The Colorado economy entered the 21st century with a thud. The decade saw continuing population growth, while net employment remained virtually flat. Today, the downward spiral of job losses appears to have bottomed out, and Colorado is poised for a recovery in 2011.
Efficient growth will occur if the alliances between economic developers, the private sector, state and local governments, workforce development centers, and P-20 education are further strengthened. Each is equally responsible for creating jobs that will drive state output (GDP) and establish Colorado’s competitive position.
With the exception of health care, job gains are not occurring in key basic service areas such as finance, real estate, construction, government, retail and personal services.
This is significant because basic services account for over half of Colorado’s employment. Government efforts to stimulate growth in these areas will likely be ineffective because job creation is driven by increased consumer spending.
Currently, consumers are focused on improving their financial stability by increasing their savings and reducing debt — not spending.
Historically, many economic developers have focused on the retention and attraction of primary jobs to efficiently stimulate growth and develop or maintain a region’s competitive advantage. Primary jobs typically pay higher wages and have a greater multiplier effect than other sectors, i.e., they are responsible for the creation of other jobs and the attraction of outside spending. Manufacturers are the best example of primary job creators and include such companies as Lockheed Martin, Miller Coors, and Woodward Governor.
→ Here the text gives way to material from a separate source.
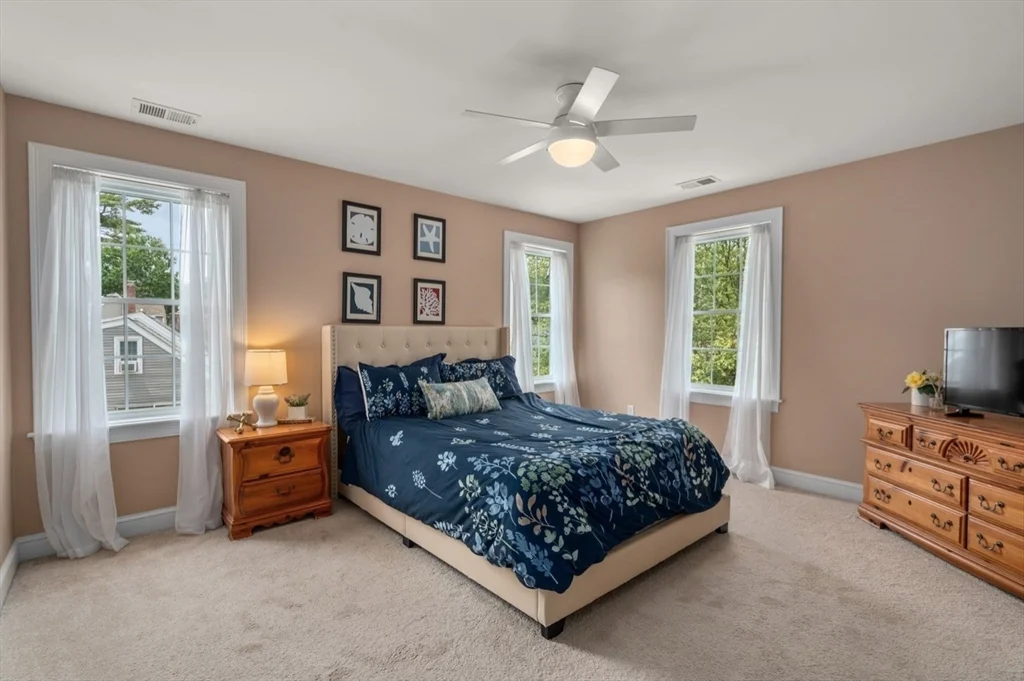 4 bed, 2 bath apartment for rent at 23 Basswood Ave, Sudbury — photo 15 of 29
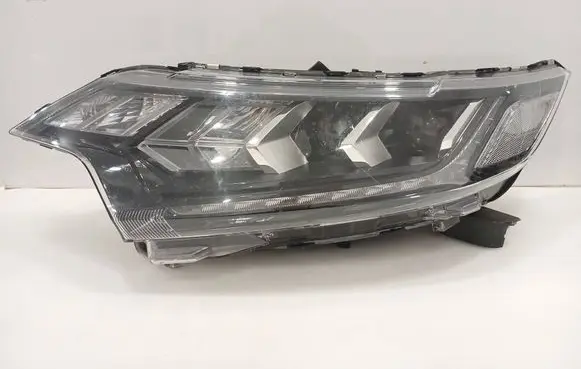 Mitsubishi Outlander Headlight/headlamp 8301D331 0409180349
Currently, about 13 percent of Colorado companies are goods producers. From 1997 to 2008, they accounted for about 4 percent of the increase in state employment and 12 percent of the change in state output. During that time, service producers contributed more to employment and output growth than their goods-producing counterparts.
Certain service sector jobs will become as important as traditional primary jobs in maintaining competitiveness and fostering growth in employment and output. Examples of such companies are architectural or engineering services, scientific research, and telecommunications.
Digital Globe, a Longmont company, is a service-producing company that provides imagery and information for worldwide commercial markets and the U.S. government. As Digital Globe captures global and domestic market share, it will add jobs. Its satellites are manufactured at Ball Aerospace and launched by Lockheed Martin and they work with Microsoft, Google, Oracle, and other companies with offices in the metro area — an example of how job creation and increased output extend to the supply chain and customer base.
The Governor’s Office of Economic Development and International Trade (OEDIT) has recognized the value of service-producing companies to Colorado. OEDIT can foster the addition of service-producing jobs by continuing to create greater awareness of their contribution to the economy and by providing assistance that will help them more efficiently export their services.
Job creation will also occur in evolving industries, such as renewables. There will be demand for weatherization and insulation replacement, which will create jobs on a statewide basis. The growth of renewables will initially rely heavily on government subsidies, much as was the case in the 1980s.
It is not possible to take a “one- size fits all” approach when developing evolving industries, such as renewables, environmental sciences, or homeland security. Strategies must be based on the needs and markets of the particular industry.
Film and television production is a case of a niche industry that is poised to create jobs. Legislation took effect on July 1 that makes it easier for the Colorado Film Commission to bring increased production to the state. The revenue-neutral tax credits approved by the legislature have the potential to create jobs in all 64 counties and reinvigorate the industry.
As state leaders speculate about how to stimulate job growth, it is beneficial to reflect on past economic-development successes. Consider a public-private partnership, the Colorado Advanced Technology Institute (CATI). During the late 1980s, CATI was established to guide the development of science and technology and the growth of a handful of high-tech clusters.
One of its many success stories resulted from providing a financial match for CU-Boulder and CSU to secure a National Science Foundation Engineering Research Center (ERC) grant. About 20 Boulder County companies were spawned out of this center, along with the Colorado Photonics Industry Association, and a follow-up foundation center located at CSU.
There are a lot of “ifs” on the horizon. If there is not a double-dip recession; if inflation/deflation is sidestepped; if consumer confidence improves; if the proposed amendments and ballot initiatives are defeated; and if the key public-private stakeholders can strengthen their alliance, then Colorado is on track to add 25,000 to 35,000 jobs in 2011.